アイドルグループから抜けるという行為は学校における修了とは違うし、また、必ずしも何かを達成したわけでなく、中途半端な状態で抜けることもあり、厳密にはこれら3つの意味のどれにも該当しないこともある。一方、「脱退」は「所属していた団体・会などから抜け出ること」である。どういう経緯があるにせよ、一般にグループから抜け出るという行為は、「脱退」という言葉で表せば事足りると思うが、女性アイドルグループの場合はなぜ「卒業」と呼ぶのか、以前から気になっていたので少し考えてみた。
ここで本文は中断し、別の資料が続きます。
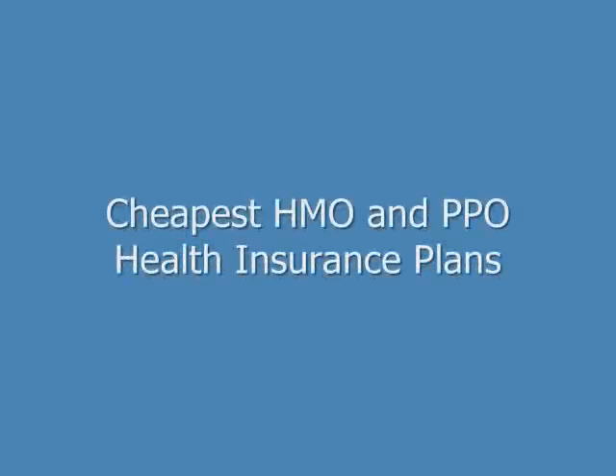Hi, my name is Brian Stevens. I'm a former insurance agent and financial consultant, and I want to show you where to get the cheapest HMO and PPO health insurance plans.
 女性アイドルグループからメンバーが脱退することを「卒業」と呼んだのは何が始まりだったかはハッキリとわからないが、おニャン子クラブではないかと推測する。おニャン子クラブが世に出た1985年から1年ほど、彼女たちと同世代の僕はフジテレビ『夕焼けニャンニャン』をリアルタイムでよく見ていたのだが、初期メンバーの河合その子や中島美春がグループを抜ける時に「おニャン子から卒業」と呼んでいたように記憶している。そもそも素人の女子高生を多く含んだおニャン子クラブは女子高生たちの放課後のクラブ活動のような雰囲気が最大の売りだったわけで、その意味では、そこからの脱退を「卒業」と比喩的に呼ぶことは、グループのコンセプトにも合っていたのだろう。特に中島美春の場合は、自身が高校卒業とともにグループを辞めた時にメインボーカルを務めたおニャン子のシングルが『じゃあね』という曲だったこともあり、「卒業」でも違和感なく受け止められたのかもしれない。
 おニャン子以降、大きなムーブメントになるような女性アイドルグループはなかなか出現しなかったが、20世紀の最後にモーニング娘が出てくる。モーニング娘は1997年の結成以降、メンバーの脱退・増員を繰り返し、現在に至っているが、初期にグループを抜けた数人に対しては「脱退」を使っていた。彼女たちを世に出したテレビ東京『ASAYAN』は毎週彼女たちの動きを詳細にリポートしていており、レコーディングの好不調とかメンバー間の諍いなどがドキュメントとして伝えられていたが、恐らく視聴者にとって最も衝撃が大きいニュースはメンバーの脱退で、誰かが急に辞めるかもしれないというドキドキ感が番組ではうまく仕掛けられていた。この場合、「脱退」という言葉の重さが演出的には効果がありそうだ。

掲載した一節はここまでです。